__PROBLEM DESCRIPTION__. The lines to retype run from the one containing "ملصق اسم Nadirys" through the end of the listing below. Reproduce them exactly, leaving out pictures.

__RECORDS FOR THE EXERCISE__.
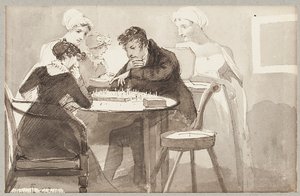 Schack, 1812 (wc på papper) av John Harden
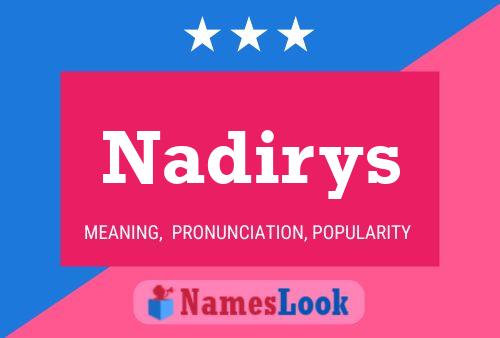 ملصق اسم Nadirys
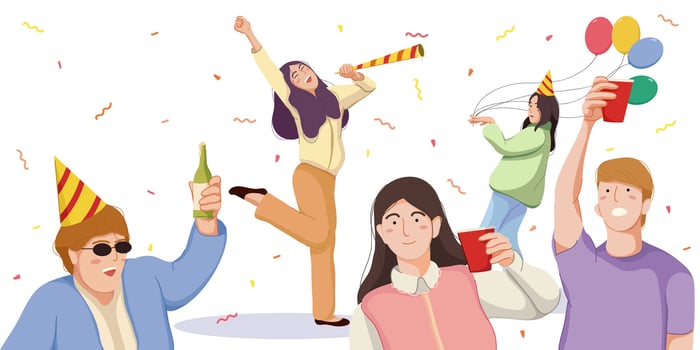 New Years Party vector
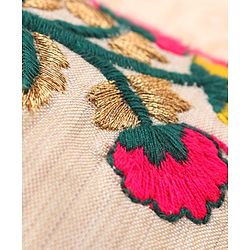 Pine Kids Ethnic Wear Sandals Floral Embroidery - Yellow
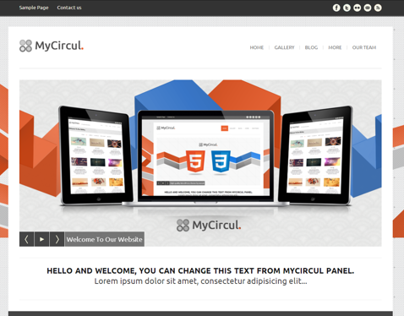MyCircul - Creative WordPress Portfolio Theme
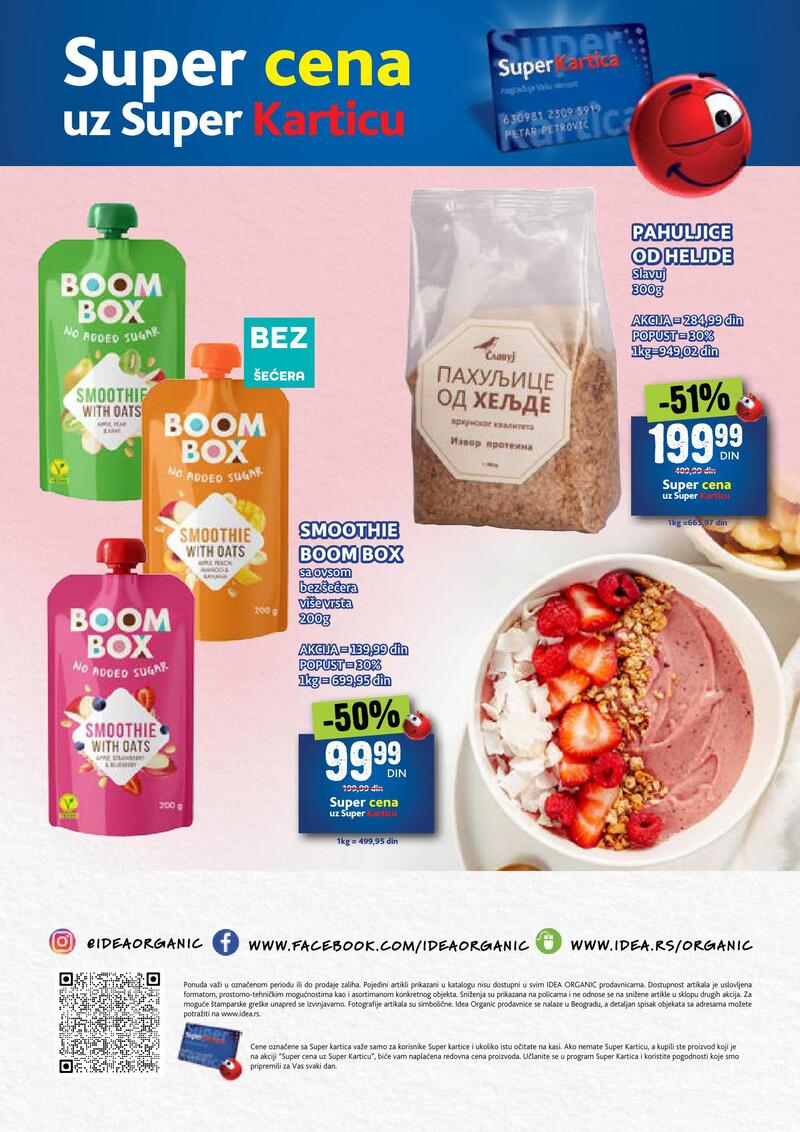 Idea organic - nedelja zdravlja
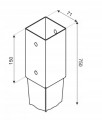 Podstawa słupa kotwa wbijana 70x70x750 mm
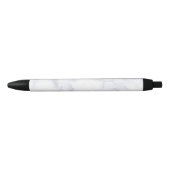 Stylo Noir Texture Marbre blanc (Devant)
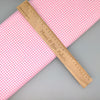 Pink and white gingham cotton fabric - Susy Bees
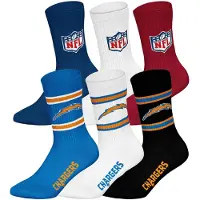 NFL Socken Sportlich Stretch 6Pack Crew Socks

__EXPECTED ANSWER__.
 ملصق اسم Nadirys
 New Years Party vector
 Pine Kids Ethnic Wear Sandals Floral Embroidery - Yellow
MyCircul - Creative WordPress Portfolio Theme
 Idea organic - nedelja zdravlja
 Podstawa słupa kotwa wbijana 70x70x750 mm
 Stylo Noir Texture Marbre blanc (Devant)
 Pink and white gingham cotton fabric - Susy Bees
 NFL Socken Sportlich Stretch 6Pack Crew Socks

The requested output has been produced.